** Task requirements **
Exactly as they appear below, repeat the lines from the one with "close up photo" through the one with "Expansive scenery featuring", and no others.

** Dataset records **
━━━━

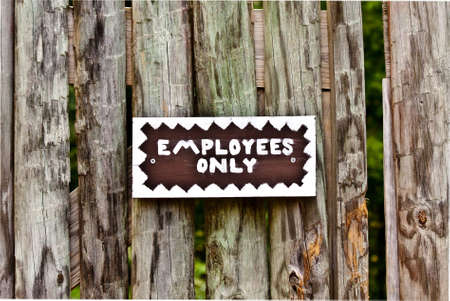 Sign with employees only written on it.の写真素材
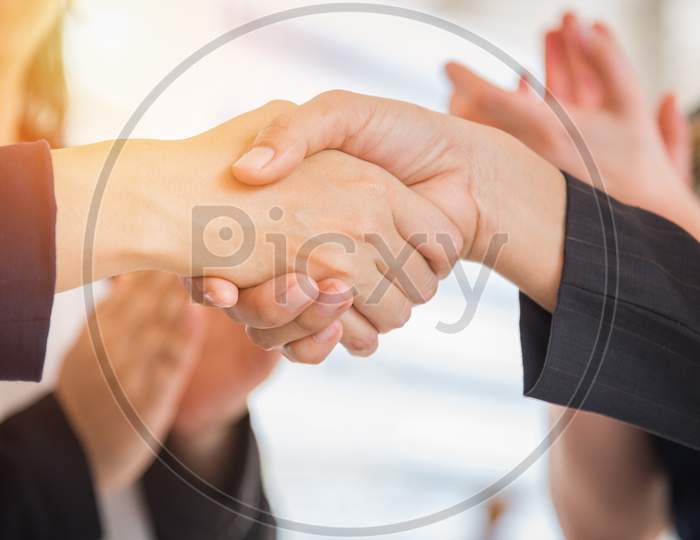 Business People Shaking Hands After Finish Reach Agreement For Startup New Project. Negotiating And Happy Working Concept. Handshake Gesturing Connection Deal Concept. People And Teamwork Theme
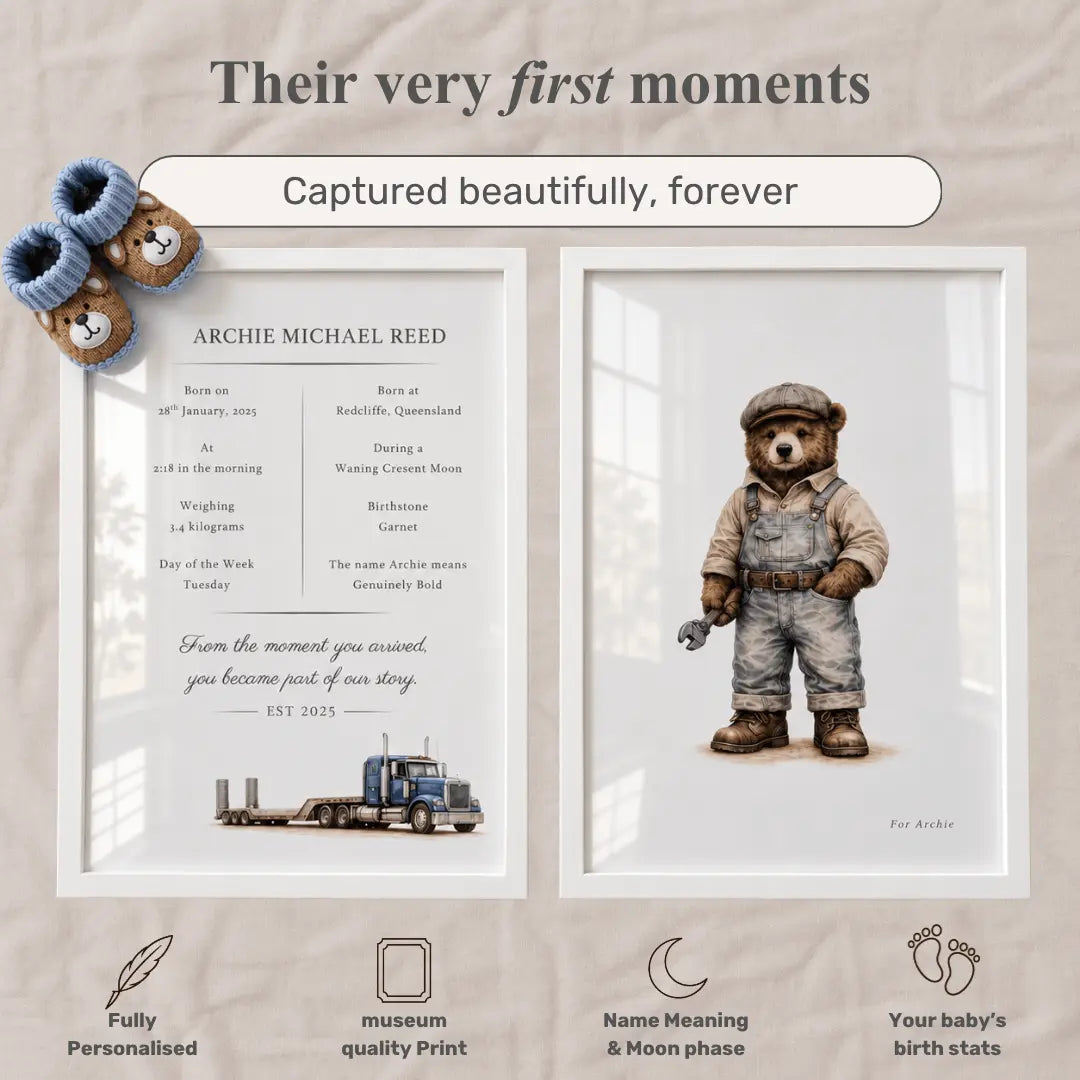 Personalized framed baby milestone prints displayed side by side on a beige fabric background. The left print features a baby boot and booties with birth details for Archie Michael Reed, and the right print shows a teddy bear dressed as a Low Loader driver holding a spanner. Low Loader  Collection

━━━━

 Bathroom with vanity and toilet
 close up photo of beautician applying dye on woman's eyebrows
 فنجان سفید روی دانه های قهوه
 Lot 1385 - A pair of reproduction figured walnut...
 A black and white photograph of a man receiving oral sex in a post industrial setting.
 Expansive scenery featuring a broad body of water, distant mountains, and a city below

━━━━

** Result of this exercise **
 close up photo of beautician applying dye on woman's eyebrows
 فنجان سفید روی دانه های قهوه
 Lot 1385 - A pair of reproduction figured walnut...
 A black and white photograph of a man receiving oral sex in a post industrial setting.
 Expansive scenery featuring a broad body of water, distant mountains, and a city below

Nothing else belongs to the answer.